Dr. Derek Raghavan, president of the Levine Cancer Institute at Atrium Health, and host Dr. John Sweetenham, of the UT Southwestern Harold C. Simmons Comprehensive Cancer Center, predict the challenges oncologists will grapple with in 2023, including the cost-benefit of new treatments, how to retain the best talent, prioritizing health equity, and the future of home infusion for patients with cancer.
Dr. John Sweetenham: Hello, I'm John Sweetenham, the associate director for Clinical Affairs at UT Southwestern's Harold C. Simmons Comprehensive Cancer Center, and host of the ASCO Daily News podcast.
Today, I'm excited to welcome back Dr. Derek Raghavan, President of the Levine Cancer Institute at Atrium Health. And we'll be discussing some of the challenges that we anticipate are going to lie ahead for the oncology community in 2023.
Our full disclosures are available in the transcript of this episode, and disclosures relating to all episodes of the ASCO Daily News podcast are available on our transcripts at: asco.org/podcasts.

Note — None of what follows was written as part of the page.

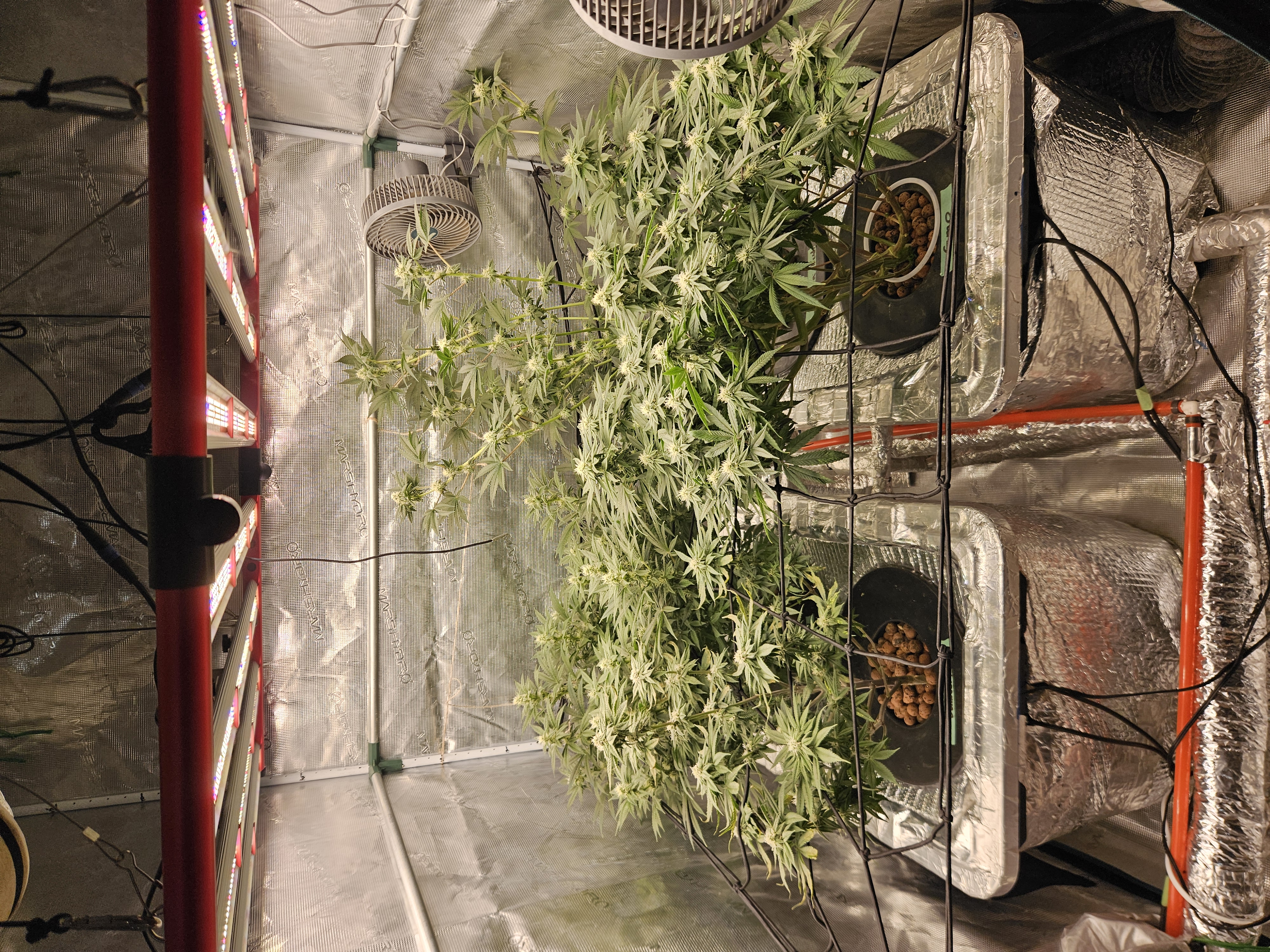 Grow #1 — flower, day 85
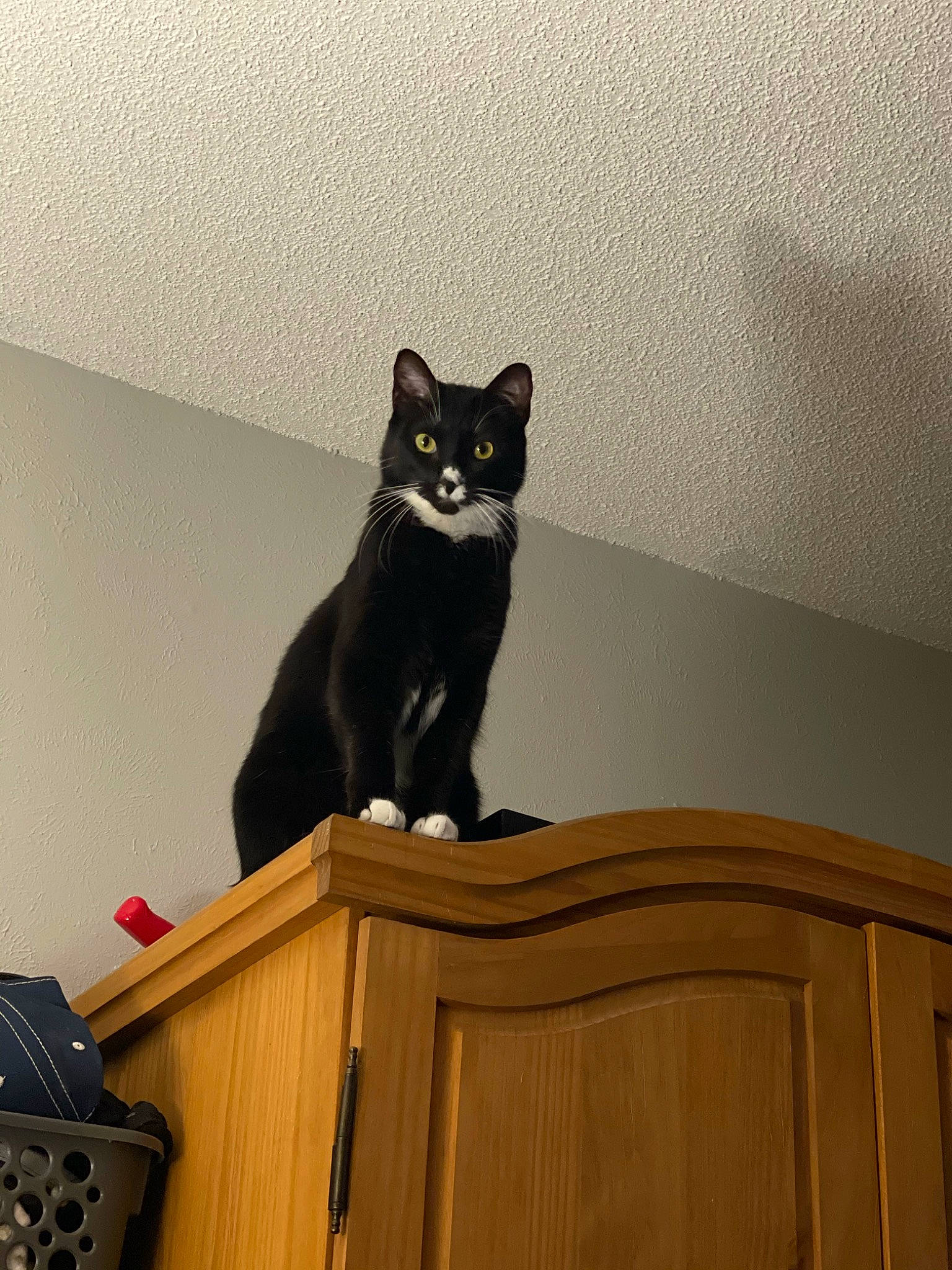 Earl joined the competition — help win amazing prizes! black_cat, bombay, carnivore, cat, domestic_short_haired_cat, felidae, floor, flooring, fur, grey, hardwood, room, sitting, small_to_medium_sized_cats, snout, tail, whiskers, window, wood, wood_stain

Derek, great to have you back on the podcast again today.
Dr. Derek Raghavan: Thanks, John. Great to be back with you.
Dr. John Sweetenham: One of the issues that we believe is going to be a challenge for us in the oncology world during the coming year that you and I have discussed on a previous podcast is this issue of cost benefits of new therapies in oncology, and the need to compare new treatments against old established standard of care treatments, rather than against the most recent new treatment preceding the one that we have now if you see what I'm saying. This is clearly going to be an ongoing concern.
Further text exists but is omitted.